The notes carry 4.00% annual interest, payable semiannually, and will mature on October 1, 2030, unless converted, redeemed, or repurchased earlier. Investors may convert at any time before the second scheduled trading day before maturity, at an initial rate of 240.3846 shares per $1,000 principal. That equals a conversion price of $4.16 per share — roughly a 30% premium to Bit Digital’s last closing price of $3.20 on September 29, 2025.
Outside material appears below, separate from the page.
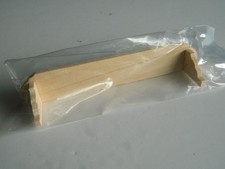 (M19) 1/12TH SCALE DOLLS HOUSE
🚨JUST IN: Bit Digital to raise $100 million via convertible senior notes, with plans to buy $ETH and fund digital asset initiatives. pic.twitter.com/vbMpkuB1is
— DeFi Planet (@PlanetDefi) September 30, 2025
Depending on how conversions play out, shareholders could see dilution, as the company can settle in cash, stock, or a combination. Net proceeds are estimated at $128.9 million after expenses, or $143.3 million if the overallotment is fully exercised.
Management said the bulk of the funds will be allocated toward acquiring Ethereum, while the remainder will go toward general corporate purposes such as investments, M&A activity, or late-stage growth initiatives. By directing proceeds into ETH, Bit Digital is tying treasury strategy more closely to the crypto markets, a move that signals confidence in Ethereum but also greater exposure to digital-asset volatility.
The offering was filed under an effective shelf registration statement on Form S-3, declared effective by the SEC on June 20, 2025. A final prospectus supplement will be posted on the SEC’s website once the transaction closes.
The company highlighted that convertible financing both strengthens liquidity and opens potential equity upside, but acknowledged risks tied to conversion levels, crypto market swings, and broader market conditions.